Mike and I, as old as we are becoming, did not discover Hein Bank. The bank was actually discovered by A.D. Bache, Superintendent of the U.S. Coast Survey Program back in 1854. How’s that for a piece of history available via Google! ‘Ol A.D., or whatever his name is, named the bank after his dispersing agent Samual Hein, which makes it okay to refer to Hein Bank as “Sammy’s Bank.”

What A.D. and Sammy did not know at the time, was that Hein Bank would become one of the most productive feeding pastures for chinook salmon at least for the first half of every year.

Back in those years when Mike and I pounded the bank, we mooched it from the southeast corner, drifting west across the southerly tip in around a 120 feet of water, working our plug-cut herring up and down in the lower 20 feet of the water column.
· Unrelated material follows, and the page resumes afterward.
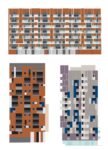 Cino Zucchi, Edifici residenziali al Portello, Milano, 2002-2008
Fish after fish after fish was common as they bit like crazy on those ebb tides, running at about a foot per hour.

Today, nearly three decades later, you’ll hardly find a boat on the south end of Hein Bank. The fishery, while still productive on an outgoing tide, is a downrigger show, trolling a 12 pound lead downrigger ball a few feet from the deck, fishing with the current. Now, anglers start on the north end in about 100 feet of water or less, maintaining a southwesterly course while managing for a depth from 100 to 140 feet of water. And the fish are there. I’ll bet money that they are there now, as you’re reading this column. Mercy!

As a side note, never overlook this area in July, as it can be lights out for king salmon migrating east down the Strait of Juan de Fuca. I fished it in late July last summer and my wrist is still sore. Don’t you love fish induced pain? Herring won’t work in the summertime as the Strait is inundated with dogfish. Slap on the spoons or hoochies and you’ll be in the game.

While a plug or whole herring is very effective at this time of year, trailed 20 feet behind a downrigger ball in what some call a “naked herring,” Coyote and Coho Killer spoons, or a white hoochie following a flasher by about 38-40 inches is extremely effective. Using the word extreme in this description is accurate. Some anglers like to put a tiny strip of herring on the forward hook, when using a hoochie which is a lethal technique.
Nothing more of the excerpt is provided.